[[ Material to process, beginning ]]

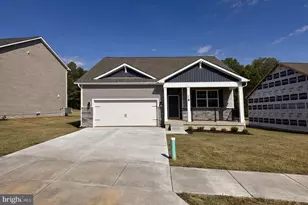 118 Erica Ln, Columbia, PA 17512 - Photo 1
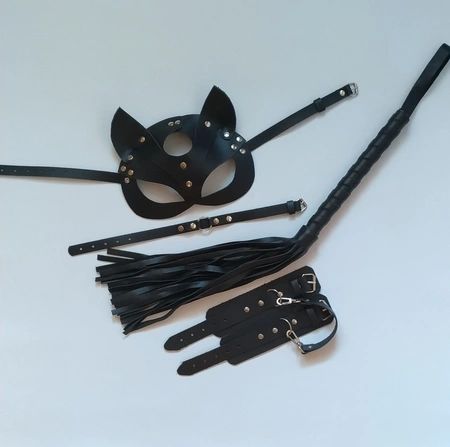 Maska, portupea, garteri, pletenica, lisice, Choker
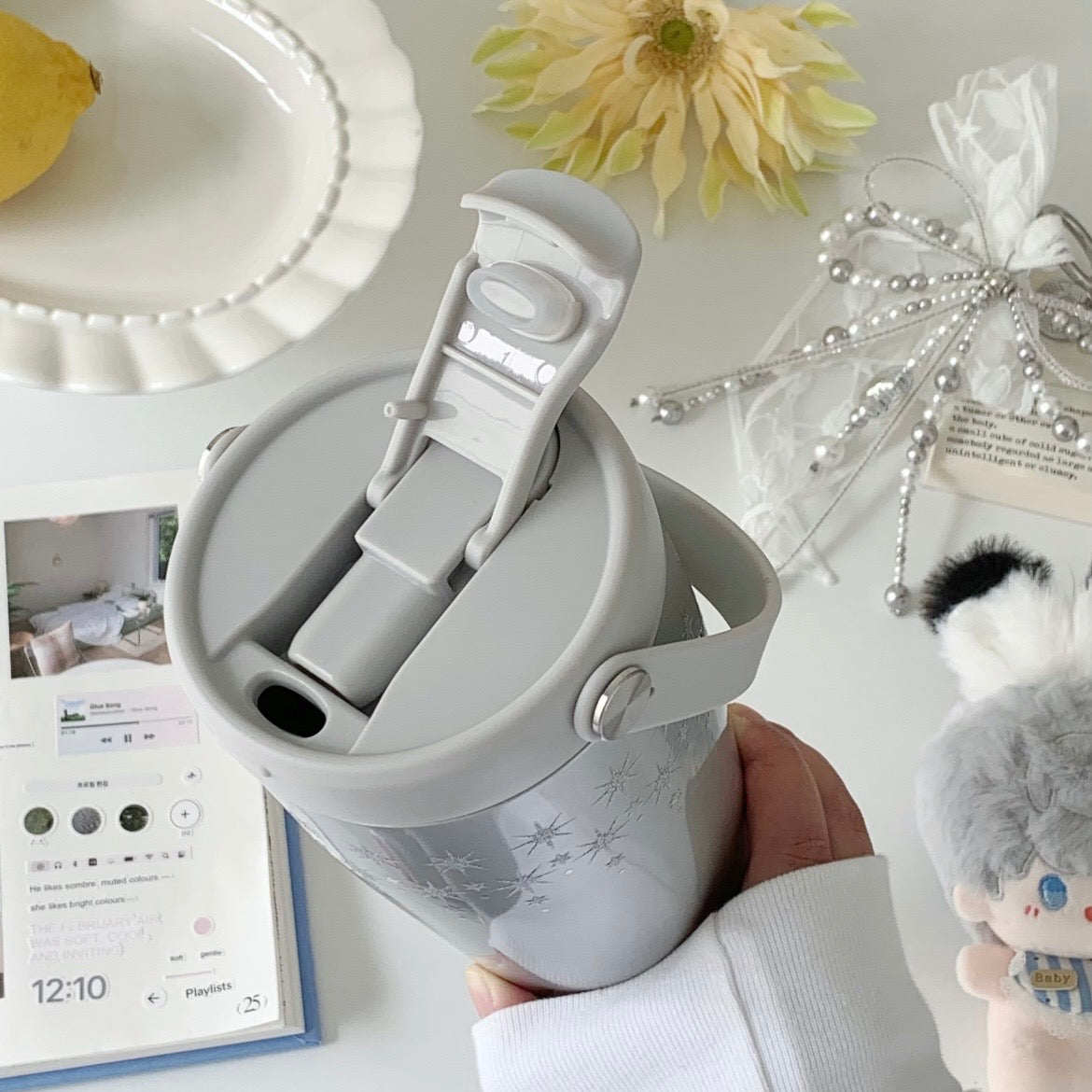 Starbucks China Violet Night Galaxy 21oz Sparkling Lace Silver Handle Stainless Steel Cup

[[ Material to process, end ]]
[[ Material to process, beginning ]]

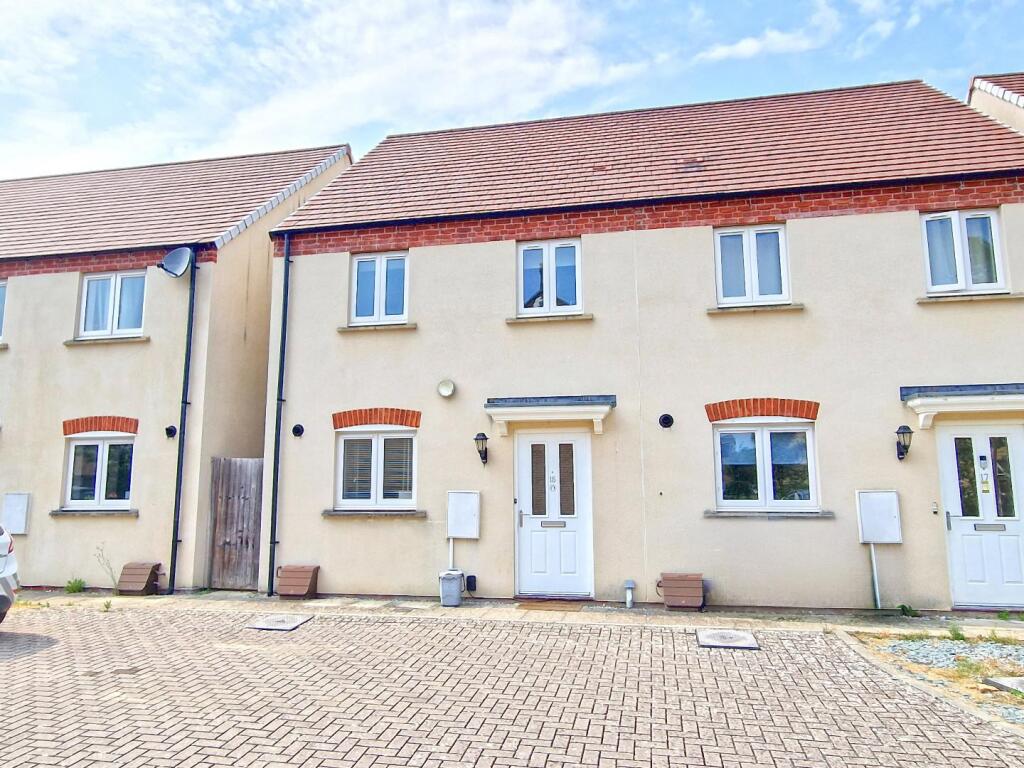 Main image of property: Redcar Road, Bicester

[[ Material to process, end ]]

## Your task
Above are records; repeat only the lines from the line with "118 Erica Ln, Columbia, PA 17512 - Photo 1" through the line with "Starbucks China Violet", and leave pictures out.

## Solved problem
 118 Erica Ln, Columbia, PA 17512 - Photo 1
 Maska, portupea, garteri, pletenica, lisice, Choker
 Starbucks China Violet Night Galaxy 21oz Sparkling Lace Silver Handle Stainless Steel Cup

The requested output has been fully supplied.